Textbook:   G. Folland, Real Analysis: Modern Techniques and their Applications. Wiley (either edition). We will focus on Chapters 5, 6, 8, 9.
Other sources include
Elliott H. Lieb and Michael Loss, Analysis. AMS Graduate Texts in Mathematics, Vol 14 (either edition)
Haïm Brézis, Functional Analysis, Sobolev Spaces and Partial Differential Equations. Springer Universitext
Elias Stein and Rami Shakarchi, Real Analysis. Princeton Lectures in Analysis, Vol. 3
H. L. Royden, Real Analysis. MacMillan (any edition)
(all on reserve in the Mathematics library). Additional notes will be posted, as needed
Topics:
  1. Lp -spaces: Minkowski inequality, Hanner's inequality, Riesz representation theorem, interpolation theorems
  2. Abstract functional analysis: Banach spaces and their duals. The Hahn-Banach theorem and its geometric implications, Legendre-Fenchel transform. Baire Category theorem, open mapping theorem, closed-graph theorem, uniform boundedness theorem. Weak topologies, Banach-Alaoglu theorem.
  3. Hilbert spaces: Self-adjoint and unitary operators, orthogonal projections, Bessel's inequality, orthonormal bases. The spectral theorem for compact self-adjoint operators
  4. Fourier integral transform: L2 theory, Parseval's identity, inversion formula, convolutions and derivatives, Poisson summation. The Sobolev spaces Hs
  5. Distributions: Test functions, weak derivatives, convolutions, approximation by smooth functions. Schwartz space and tempered distributions, the Sobolev spaces Wk,p
  6. Geometric and functional inequalities on Rd: Young, Hausdorff-Young, Brunn-Minkowski, isoperimetric, Hardy-Littlewood-Sobolev, Sobolev, Poincaré. Compact embeddings, Rellich lemma
Attendance is expected. If you can't be at a lecture, please read up on the material and use my office hours for questions.
Evaluation:
40% : weekly assignments (due Tuesdays 11:59pm on crowdmark; drop 1)
20% : midterm test Wednesday March 9 (during lecture time)
40% : final examination (April 11, 2-5pm; in-person if possible; room TBD; comprehensive)
Please discuss lectures and homework problems freely, and consult available sources. Then write up your solutions individually, in your own words, and be ready to defend them! Your work will be judged on the clarity of your presentation as well as correctness and completeness.

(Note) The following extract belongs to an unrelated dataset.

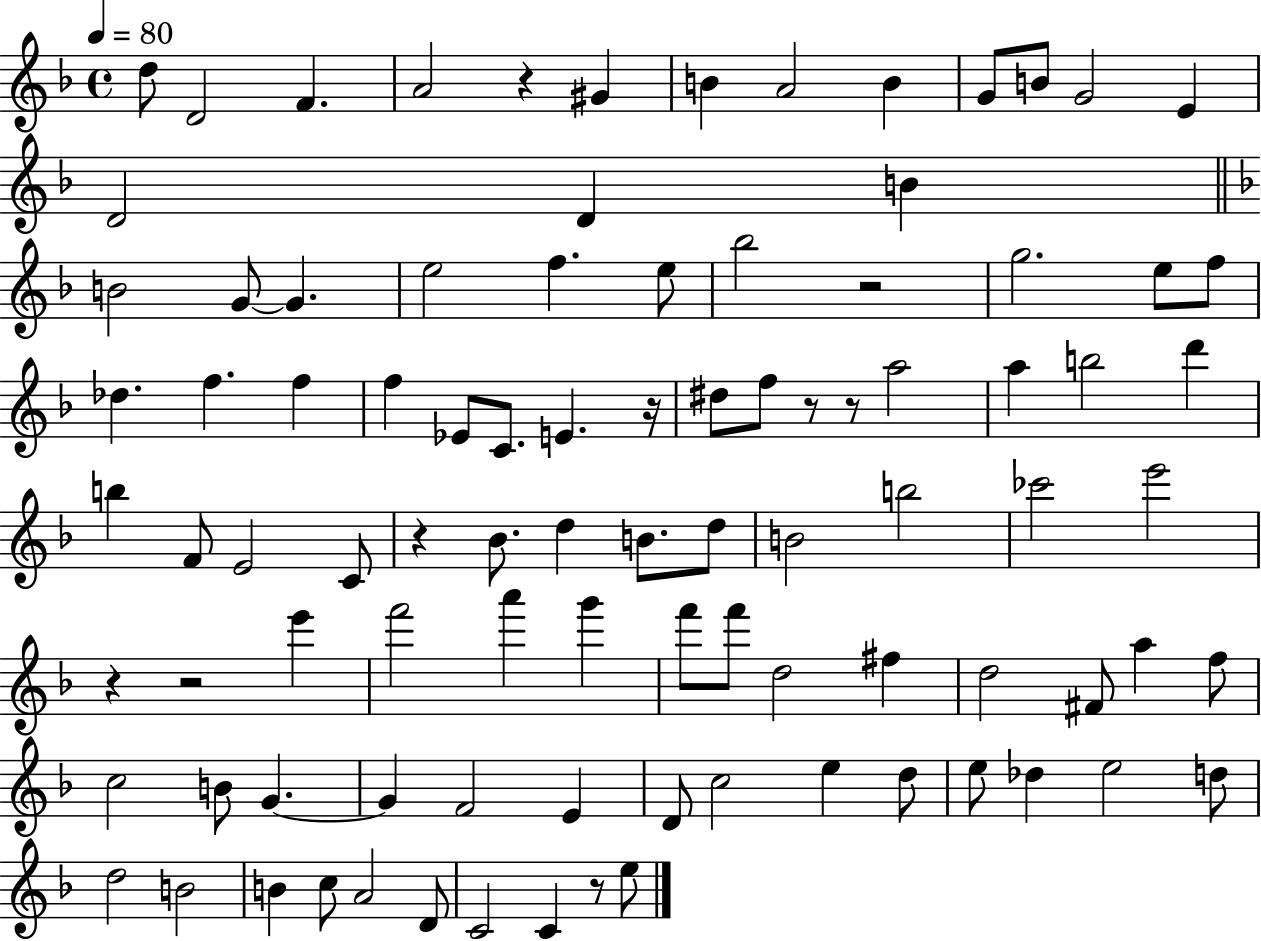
D5/e D4/h F4/q. A4/h R/q G#4/q B4/q A4/h B4/q G4/e B4/e G4/h E4/q D4/h D4/q B4/q B4/h G4/e G4/q. E5/h F5/q. E5/e Bb5/h R/h G5/h. E5/e F5/e Db5/q. F5/q. F5/q F5/q Eb4/e C4/e. E4/q. R/s D#5/e F5/e R/e R/e A5/h A5/q B5/h D6/q B5/q F4/e E4/h C4/e R/q Bb4/e. D5/q B4/e. D5/e B4/h B5/h CES6/h E6/h R/q R/h E6/q F6/h A6/q G6/q F6/e F6/e D5/h F#5/q D5/h F#4/e A5/q F5/e C5/h B4/e G4/q. G4/q F4/h E4/q D4/e C5/h E5/q D5/e E5/e Db5/q E5/h D5/e D5/h B4/h B4/q C5/e A4/h D4/e C4/h C4/q R/e E5/e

Late submissions will be marked summarily at the end of the term. Note that crowdmark stops accepting uploads at some point after the deadline. In that case, please email me your assignment, making sure each problem appears in a separate attachment. On the first page of the first problem, please state the reason for the delay, then date and sign.


Absences. If you miss a substantial part of the course, please keep me updated. A Verification of Illness or Injury form is currently not required, see the University's policy.
Academic integrity statement. Consult the website Student Academic Integrity for information.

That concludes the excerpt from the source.